Friday, April 6, 2018

Murder in the Museum (British Library Crime Classics) Paperback – May 3, 2016 by John Rowland (Poisoned Pen Press)



“Murder in the Museum” by John Rowland is a really good, old-fashioned police detective murder mystery story, taking place in the mid-1930s in greater London, a classic “who-done-it”. While this genre has never really appealed to me – for a variety of reasons, one of which is that they are usually slow-paced and boring – but I took a chance on this one, and it paid off.

A lot of dialogue between Scotland Yard detective Shelly and his loyal side-kick sergeant Cunningham fill many of the pages. In fact dialogue is the key style in all these stories, I’ve come to experience. And usually there are 2 good guys on the police force working together to solve the mystery, thus the necessary dialogue between them. There’s a real mystery here, with real people, at once some silly and some believable, and few meaningless distractions, as often is the case, and very few pages and pages filled with what I call an author’s needless “flight into irrelevant wordy detail.

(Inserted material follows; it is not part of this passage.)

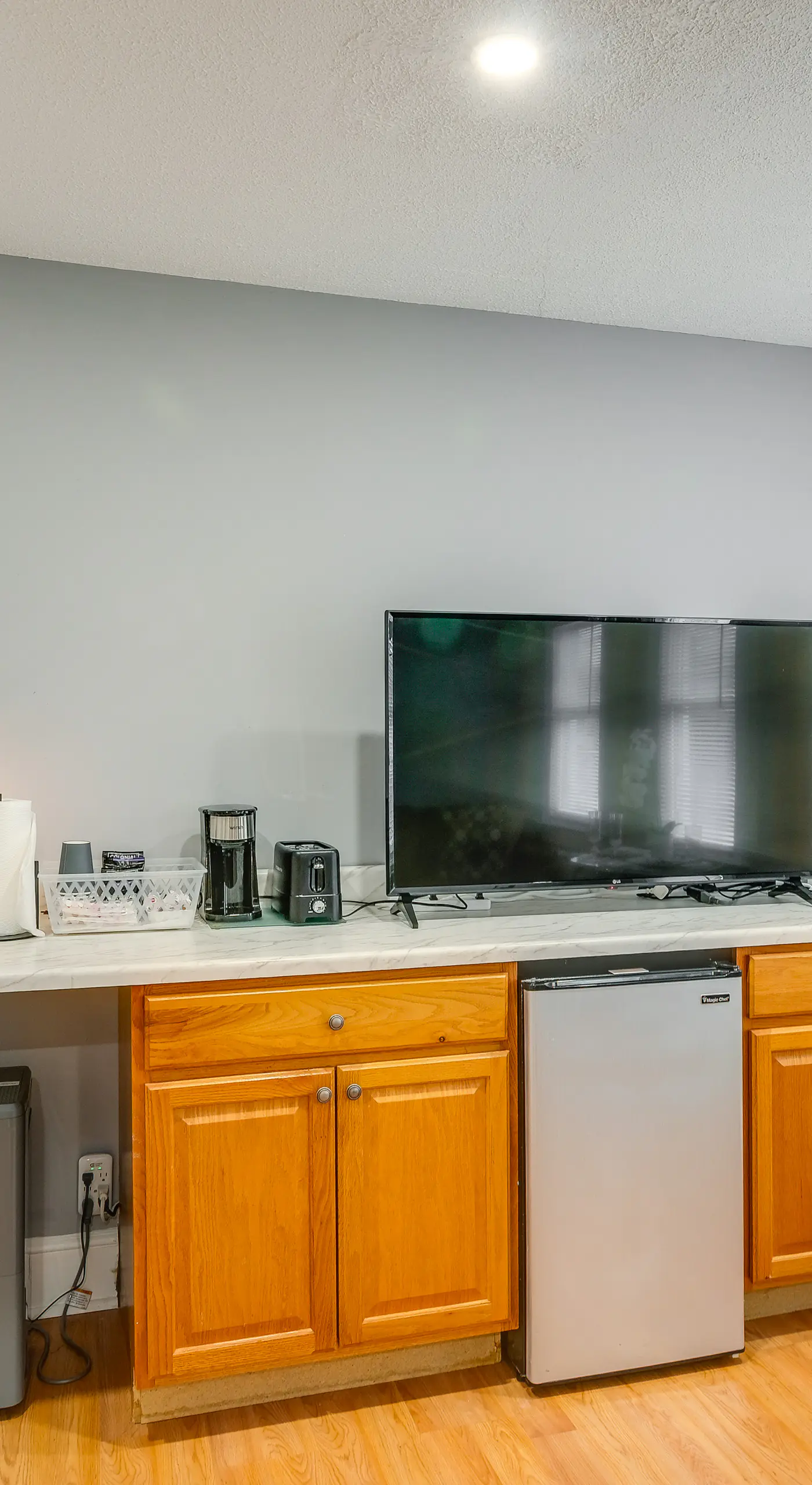 Easy Metro Access: WFH-Friendly Apt 7 Mi to DC!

There’s a damsel in distress, an evil mad-man, and several characters one could only describe as pure British stereotypes, but they’re good ones. It’s a tidy story, entertaining and fast moving, somewhat complex, yet not overly so. You have to work as hard as the detectives to uncover the murderer and his motive. There is a plausible denouement. Thus, the story wraps up in a few pages, followed by a few succinct pages to track the future fate of the major characters.